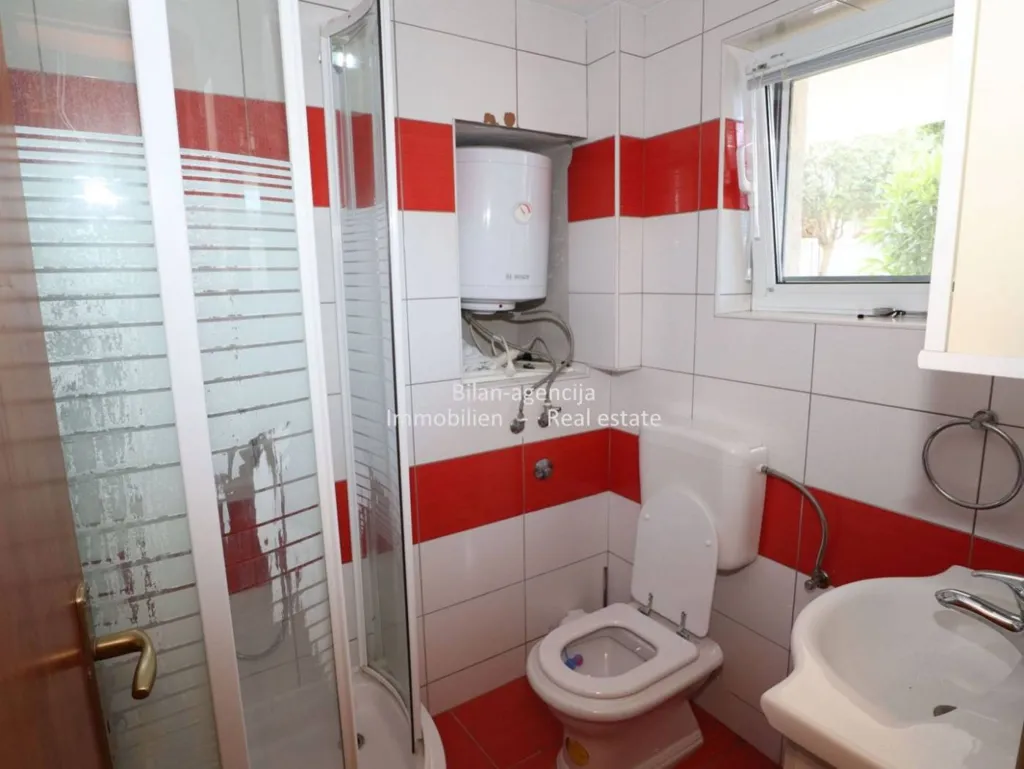 Vannitoad - Two-Floor Apartments with Garden in Vodice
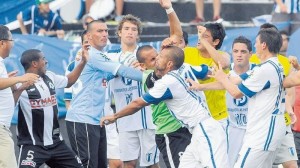 O jogo que teve 16 expulsos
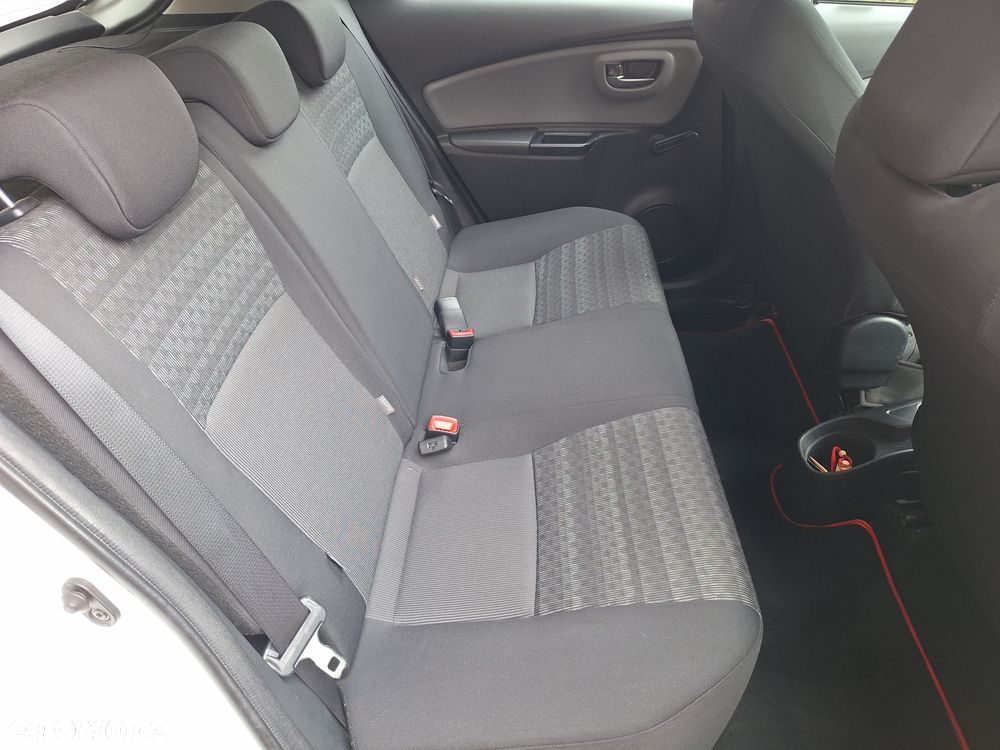 Toyota Yaris - 23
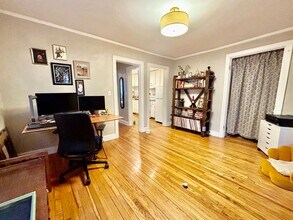 5106 Baltimore Ave in Kansas City, MO - Building Photo - Building Photo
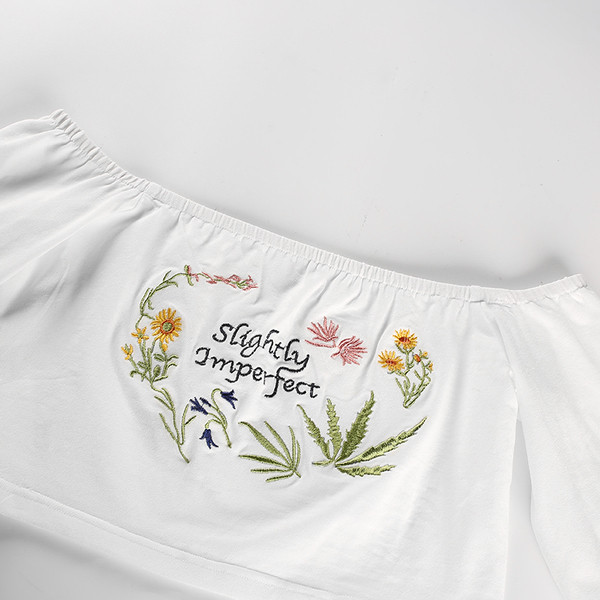 Κομψή μπλούζα με κοντό μανίκι και με επιγραφή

::::::::

_ABOUT THIS EXERCISE_
Whenever a picture appears, leave it out, and return every record exactly.

_SOLUTION_
 Vannitoad - Two-Floor Apartments with Garden in Vodice
 O jogo que teve 16 expulsos
 Toyota Yaris - 23
 5106 Baltimore Ave in Kansas City, MO - Building Photo - Building Photo
 Κομψή μπλούζα με κοντό μανίκι και με επιγραφή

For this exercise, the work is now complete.